After a thorough introduction to MAML, we will next take a look at some of its variants. The variants we are presenting in the following pages all address a particular weakness of MAML, which, however, we first have to discover - a process this page is dedicated to.
We will start with a short recap of the meta-gradient and follow up with a step-by-step expansion of said gradient.
Recall the expectation we wanted to minimize with MAML
$$\mathbb{E}_\tau \left[\, \nabla_\theta
\mathcal{L}_{\tau, \text{test}}(\phi)
\,\right], $$
as well as the resulting meta-gradient (based on samples, rather than computing the whole expectation-integral):
$$\nabla_\theta \mathcal{L}(\theta) = \sum_{i} \nabla_\theta
\mathcal{L}_{\tau_i, \text{test}}(\phi_i)
,$$
where
$$ \phi_i = U_{\tau}(\theta) $$
and \(U_{\tau}\) is the fine-tuning function associated with task distribution \(\tau\)
We will now take a deeper look at \(\nabla_\theta \mathcal{L}(\theta)\) by writing it out more explicitly. To avoid cluttered notation, we will only focus on one summand and thereby drop the indices to the tasks.
In order to gain some understanding of what it actually means to differentiate through fine-tuning function \(U_\tau\), we write out one summand of the meta-gradient: $$ \nabla_\theta \mathcal{L}_{\tau, \text{test}}(\phi) = \nabla_\theta \mathcal{L}_{\tau, \text{test}}(U_{\tau}(\theta)) = \nabla_{U_{\tau}(\theta)} \mathcal{L}_{\tau, \text{test}}(U_{\tau}(\theta)) \nabla_\theta U_{\tau}(\theta) , $$ where we used the chain rule to get from the second to the third equality. Here, \( \nabla_{U_{\tau}(\theta)}\, \mathcal{L}_{\tau, \text{test}} \) is the gradient of the loss function of task \(\tau\) at the optimized parameter \(\phi\), and \(\nabla_\theta U_{\tau}(\theta)\) is the Jacobian of the optimization algorithm (it describes how a change of \(\theta\) is locally transformed into a change of \( \phi \)).

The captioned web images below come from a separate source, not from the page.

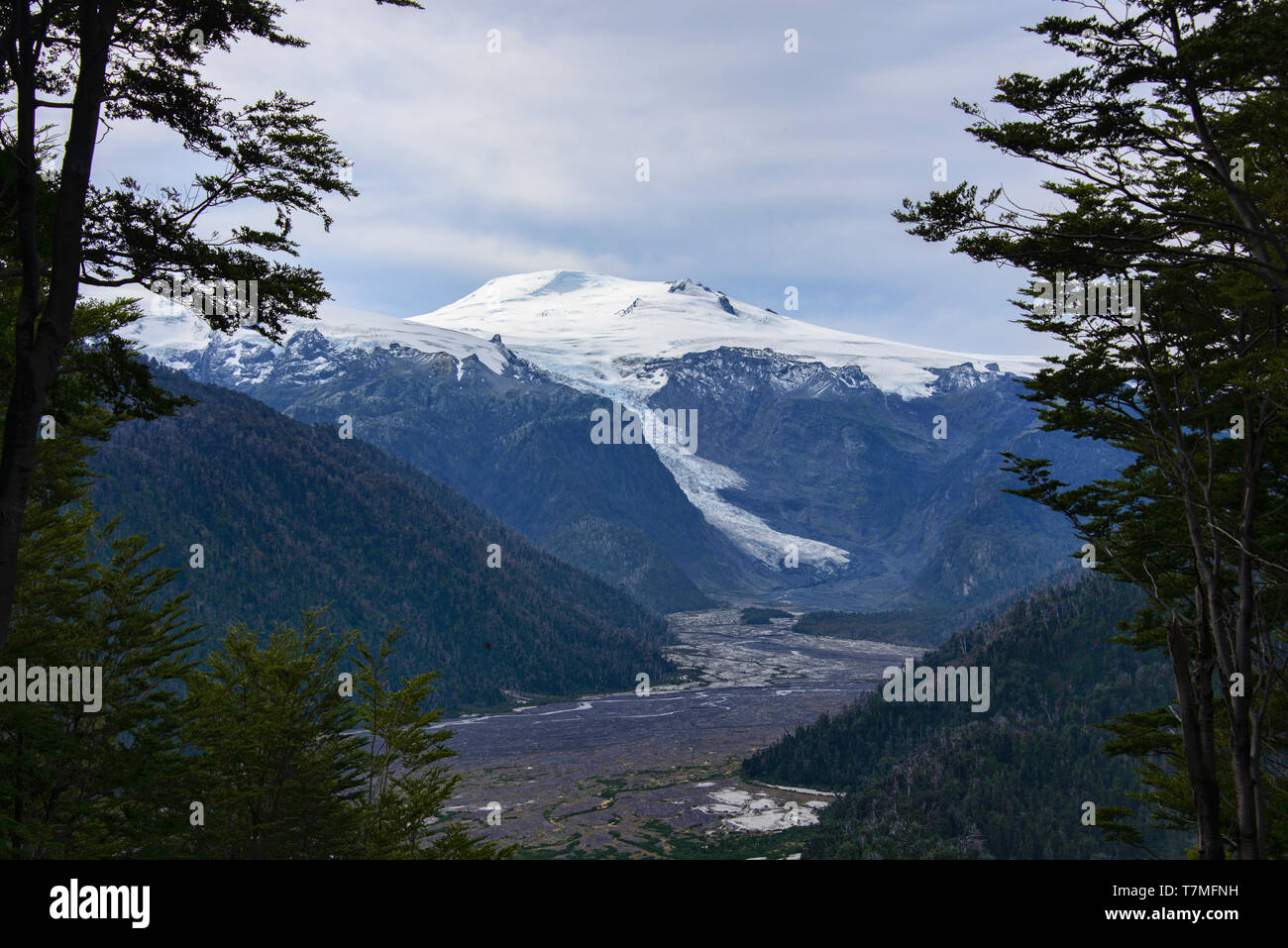Vista di Michinmahuida e il suo ghiacciaio, Pumalin National Park, Patagonia, regione de los Lagos, Cile Foto Stock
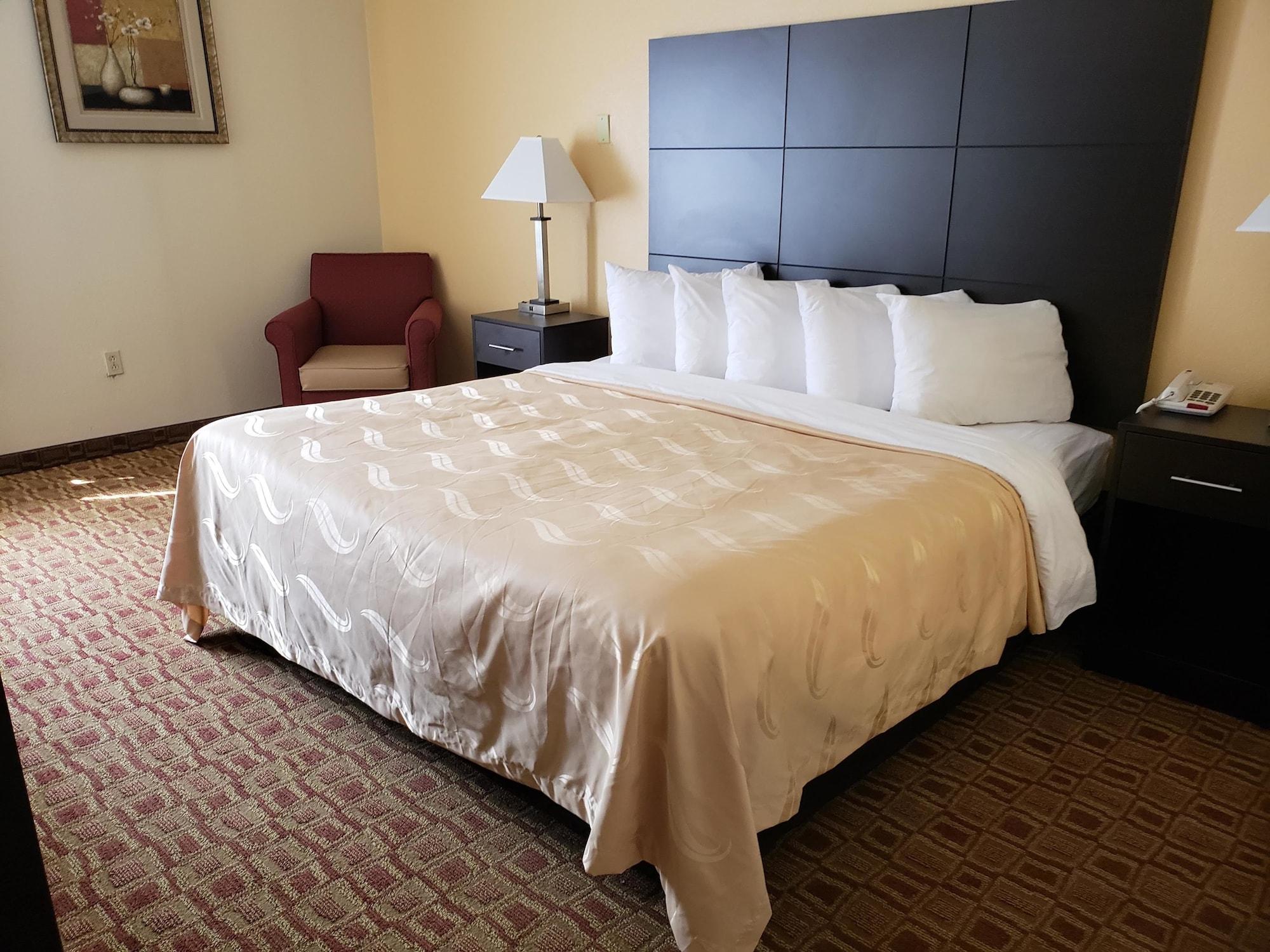 Quality Inn & Suites Sellersburg Exterior foto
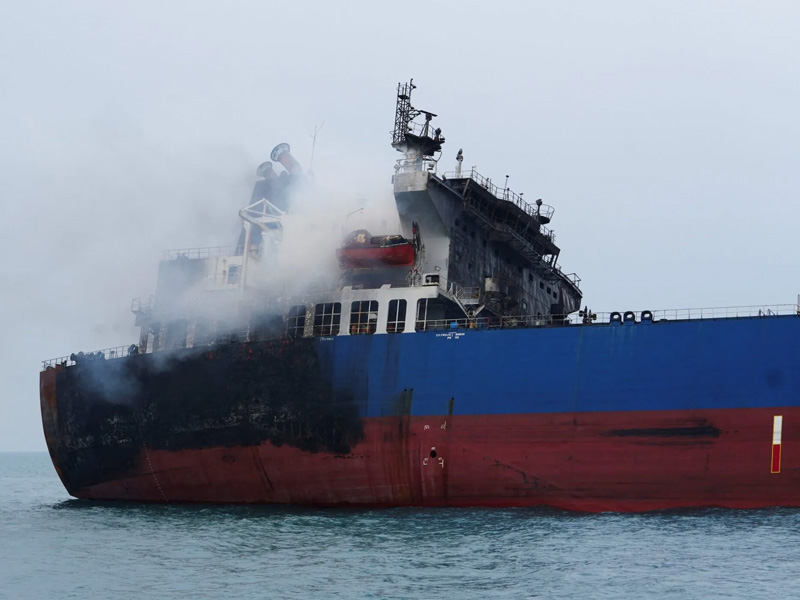 202603Oil-Tankers-on-fire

Even if we assume that the optimizer takes only one gradient descent step (as in vanilla MAML), this term becomes \[ \nabla_\theta U_{\tau}(\theta) = \nabla_\theta (\theta - \alpha \nabla_\theta \mathcal{L}_{\tau, \text{train}}(\theta) ) = I - \alpha \nabla^2_\theta \mathcal{L}_{\tau, \text{train}}(\theta). \] Hence, MAML requires us to compute second derivatives in order to optimize \(\theta\), which is computationally costly, especially in high-dimensional problems (such as learning neural nets).
However, one immediate takeaway should also be the latter term (Jacobian) of the product $$ \nabla_{U_{\tau}(\theta)} \mathcal{L}_{\tau, \text{test}}(U_{\tau}(\theta)) \nabla_\theta U_{\tau}(\theta) $$ is costly to compute. We will investigate the Jacobian further and then discuss two ways to implement its calculation in practice.
If we don't restrict ourselves to making just a single gradient update, the term becomes slightly more complicated. Let \(k\) be the number of updates we make and \( \phi^i \) describe the \(i\)th step of gradient descent, then: $$\begin{align} \nabla_\theta \phi^k &= \prod_{i=1}^{k} \nabla_{\phi^{i-1}} \phi^i \\ &= \prod^{k}_{i=1} \left( I - \alpha \nabla^2_{\phi^{i-1}}\mathcal L_{\tau,\text{train}}(\phi^{i-1}) \right). \end{align}$$ Here we have simply applied the chain rule for a variable number of update steps \(k\) and then substituted the term $$\nabla_{\phi^{i-1}} \phi^i,$$ which represents the meta gradient for two consecutive update steps \(i - 1\) and \(i\).
There are two prevalent methods of calculating the meta-gradient in practice. Both methods have their unique limitations, which we will discuss briefly.
The most straightforward approach is to calculate the Jacobian in each update step. Considering the product from above, we can iteratively multiply the new Jacobian term with the accumulated Jacobian matrix, ending up with the full optimizer Jacobian after \(k\) update steps.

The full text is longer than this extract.